##### SOURCE RECORDS

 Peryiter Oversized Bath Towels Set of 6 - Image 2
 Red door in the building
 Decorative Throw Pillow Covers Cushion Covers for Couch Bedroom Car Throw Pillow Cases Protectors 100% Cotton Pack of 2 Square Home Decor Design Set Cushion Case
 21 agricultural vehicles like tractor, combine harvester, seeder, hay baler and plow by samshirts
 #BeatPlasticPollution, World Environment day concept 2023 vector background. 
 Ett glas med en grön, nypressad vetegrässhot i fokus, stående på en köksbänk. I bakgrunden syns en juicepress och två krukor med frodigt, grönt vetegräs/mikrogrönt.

##########
##### SOURCE RECORDS

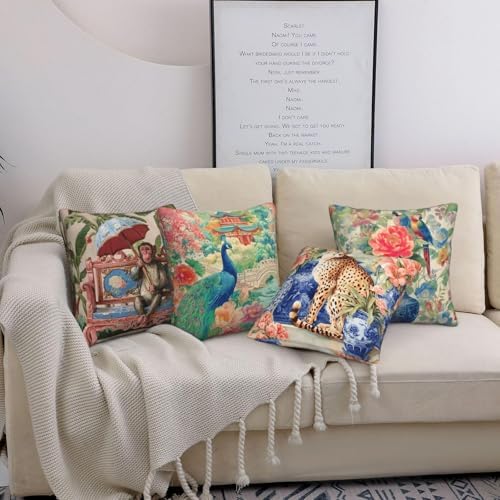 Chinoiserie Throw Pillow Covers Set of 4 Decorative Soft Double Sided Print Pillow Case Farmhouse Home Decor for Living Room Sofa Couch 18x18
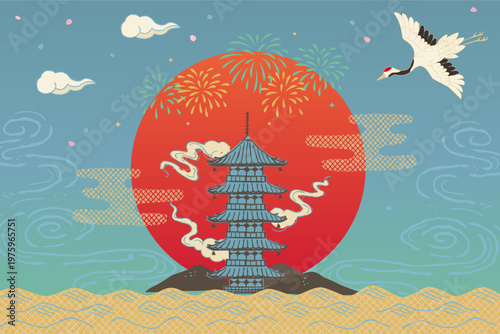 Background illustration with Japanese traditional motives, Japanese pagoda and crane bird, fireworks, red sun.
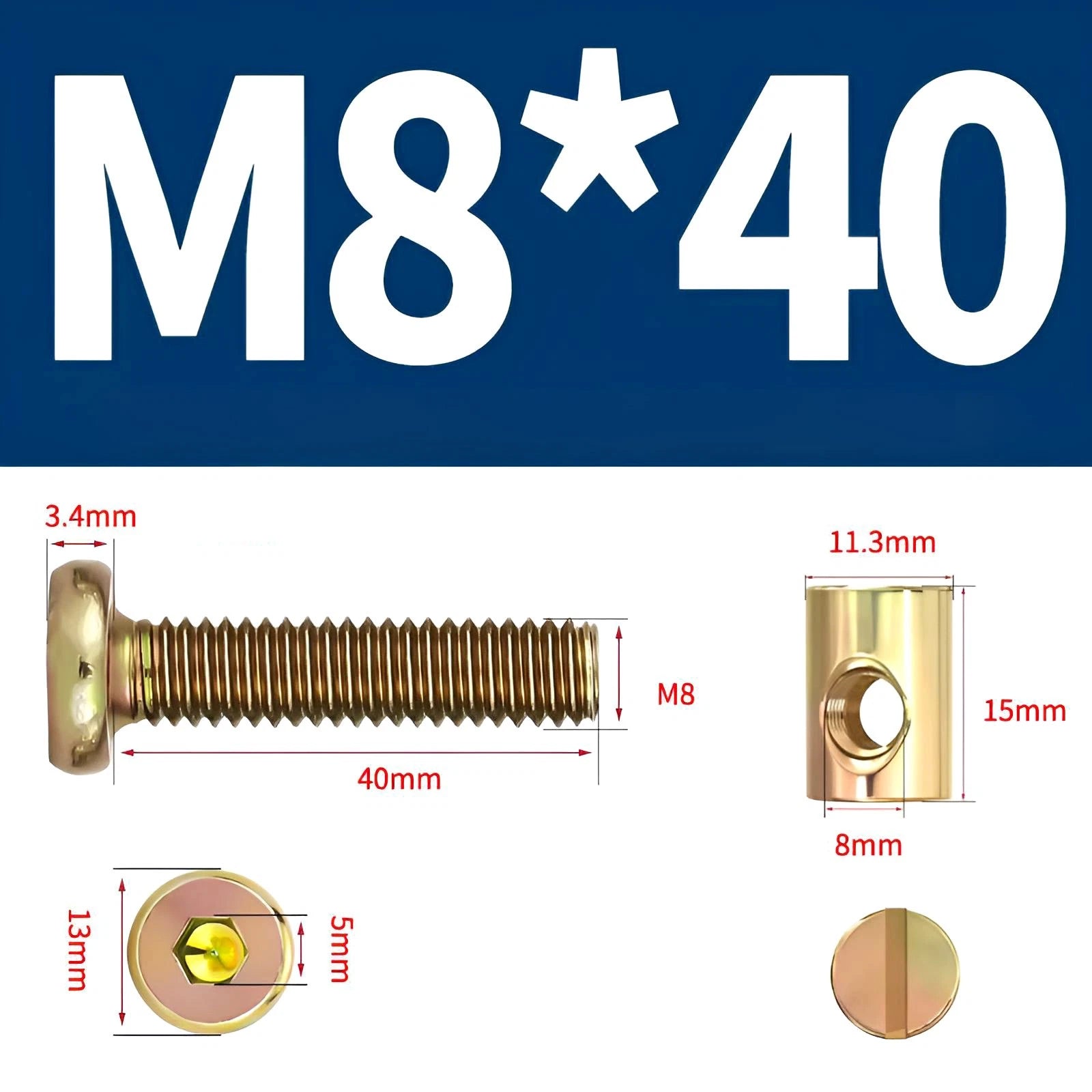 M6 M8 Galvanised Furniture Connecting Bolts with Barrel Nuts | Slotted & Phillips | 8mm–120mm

##########

• [AIM OF THE TASK]: Reproduce the data above exactly, but only the lines from the one showing "Chinoiserie Throw Pillow" through the one showing "M6 M8 Galvanised", with both ends kept and the pictures left out.

• [OUTPUT FOR THIS TASK]:
 Chinoiserie Throw Pillow Covers Set of 4 Decorative Soft Double Sided Print Pillow Case Farmhouse Home Decor for Living Room Sofa Couch 18x18
 Background illustration with Japanese traditional motives, Japanese pagoda and crane bird, fireworks, red sun.
 M6 M8 Galvanised Furniture Connecting Bolts with Barrel Nuts | Slotted & Phillips | 8mm–120mm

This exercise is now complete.